Print the entries exactly as they appear, and omit any images.
══ Data records ══
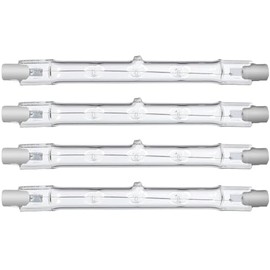 Generic J118-300W J Type Clear Double Ended T3 Quartz Halogen Lamp 300W 120V 118MM 4-11/16"" (Pack of 4), Q300T3/L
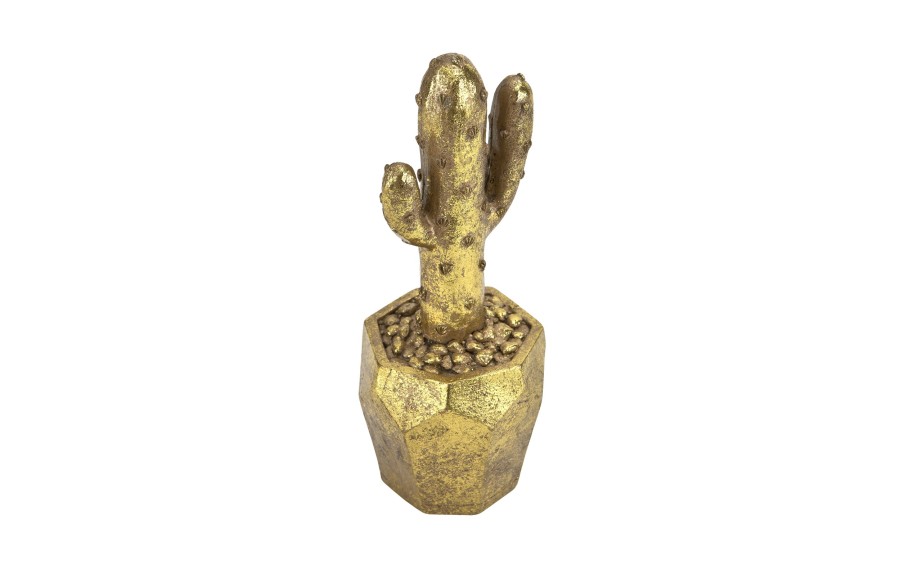 Złoty kaktus dekoracyjny 19 cm Dekor-Pap AZ0348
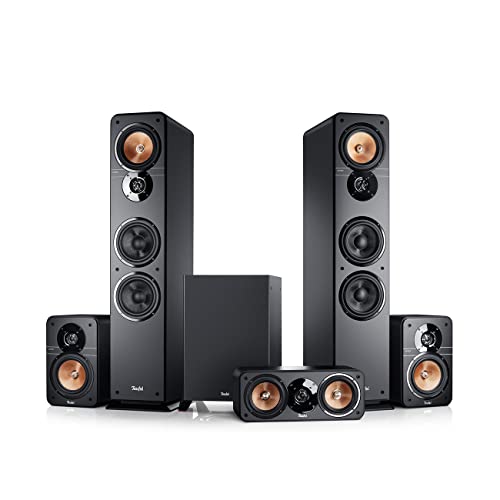 Teufel Ultima 40 Surround 5.1-Set, Set Altoparlanti Home Cinema 5.1 con Speaker Centrale, Posteriori, Subwoofer, con Suono Surround per Musica, Film e Videogiochi, Nero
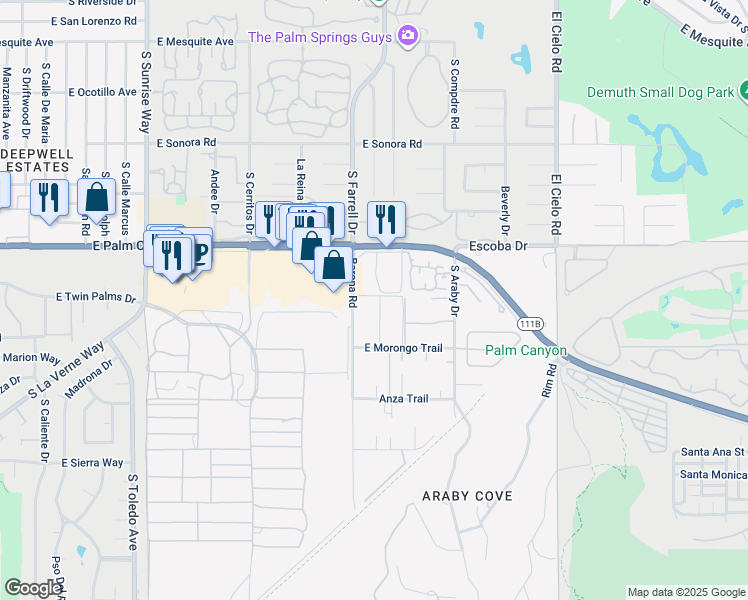 map of restaurants, bars, coffee shops, grocery stores, and more near 1807 Sandcliff Road in Palm Springs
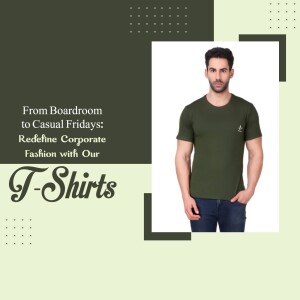 Man wearing a dark green t-shirt, promoting corporate casual wear.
═══
§ Result:
 Generic J118-300W J Type Clear Double Ended T3 Quartz Halogen Lamp 300W 120V 118MM 4-11/16"" (Pack of 4), Q300T3/L
 Złoty kaktus dekoracyjny 19 cm Dekor-Pap AZ0348
 Teufel Ultima 40 Surround 5.1-Set, Set Altoparlanti Home Cinema 5.1 con Speaker Centrale, Posteriori, Subwoofer, con Suono Surround per Musica, Film e Videogiochi, Nero
 map of restaurants, bars, coffee shops, grocery stores, and more near 1807 Sandcliff Road in Palm Springs
 Man wearing a dark green t-shirt, promoting corporate casual wear.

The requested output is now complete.